À la IIIe dynastie, la dame Nebsénit, mère du haut fonctionnaire Méthen, possédait un important patrimoine. Sans avoir besoin de recourir à l’autorité de son mari, Nebsénit rédigea un testament en faveur de ses enfants et précisa la répartition de sa fortune.
Une autre dame de l’Ancien Empire, Ibeb, insista sur le fait qu’elle avait légué elle-même ses biens à son fils, lequel vivait pourtant chez son père ; l’enfant le reconnut : « J’ai acquis des richesses dans la demeure de mon père Iti, mais ce fut ma mère Ibeb qui me les légua[157] » Une autre dame, Khénet, avait agi de la même façon.

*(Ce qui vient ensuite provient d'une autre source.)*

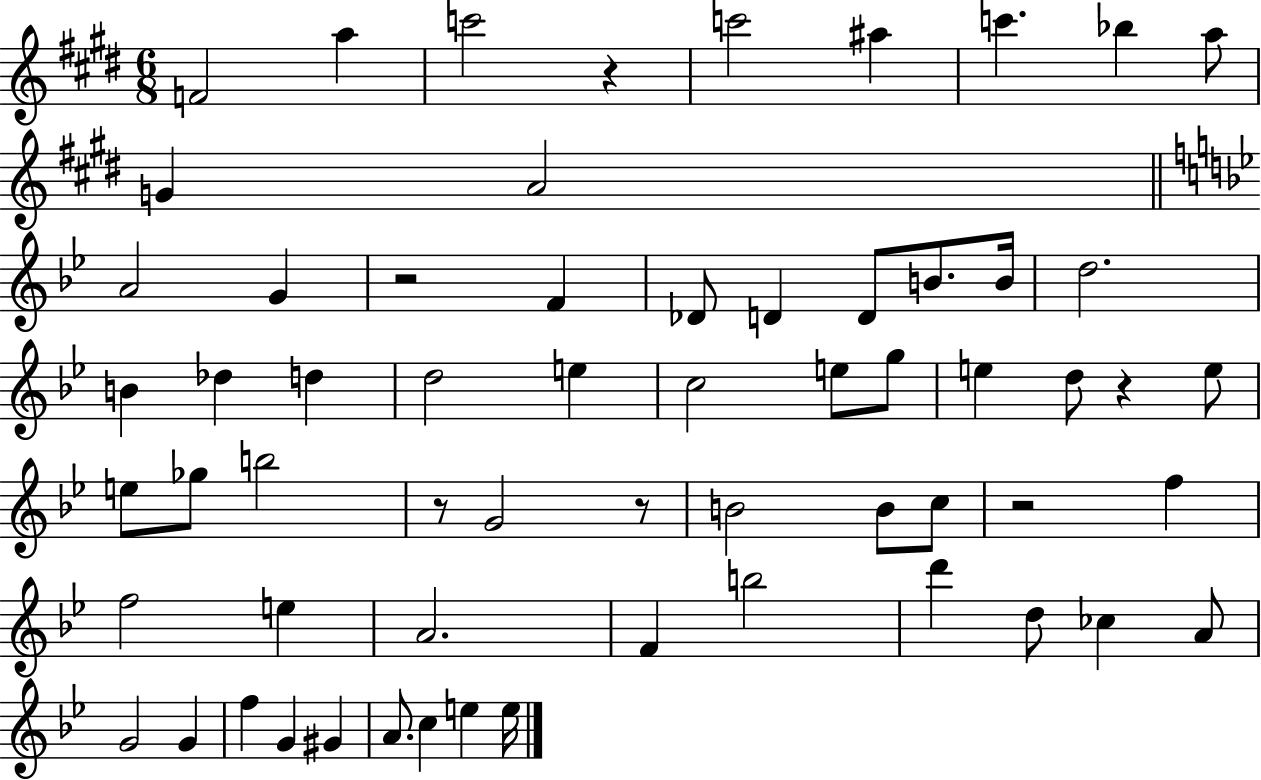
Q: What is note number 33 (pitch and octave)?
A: B5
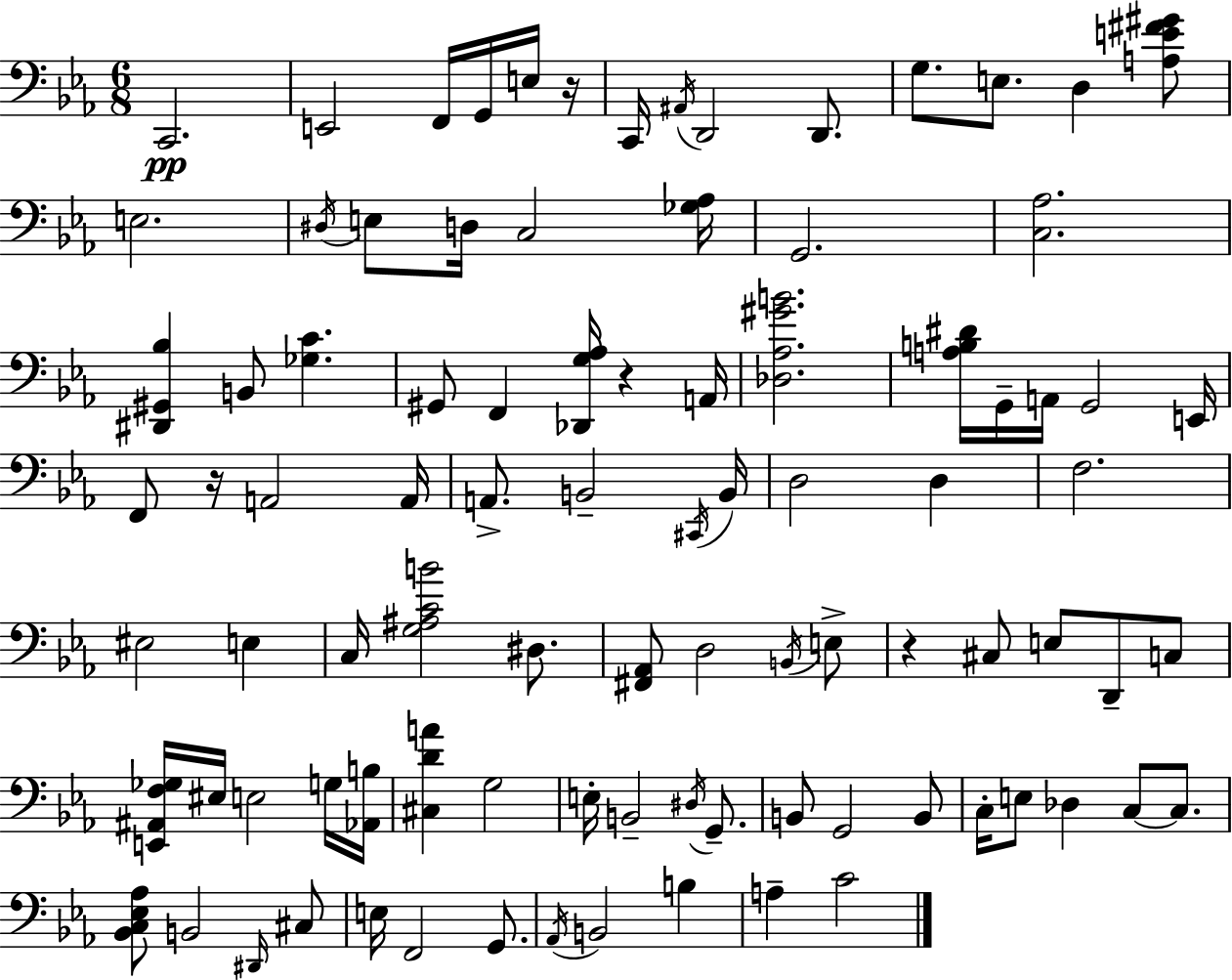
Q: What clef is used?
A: bass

Inutile de multiplier les exemples ; l’important était l’indépendance de l’Égyptienne et sa capacité, extraordinaire par rapport aux cultures anciennes et même modernes, de disposer de son avoir comme elle l’entendait.
La femme hérite
Soit comme fille, soit comme épouse, l’Égyptienne pouvait recevoir un héritage, en totalité ou en partie. Biens meubles et maisons reviennent à des femmes comme à des hommes, le sexe masculin ne jouissant pas d’un privilège particulier. En cas de litige successoral, une femme peut faire valoir ses droits sur une propriété foncière et obtenir gain de cause.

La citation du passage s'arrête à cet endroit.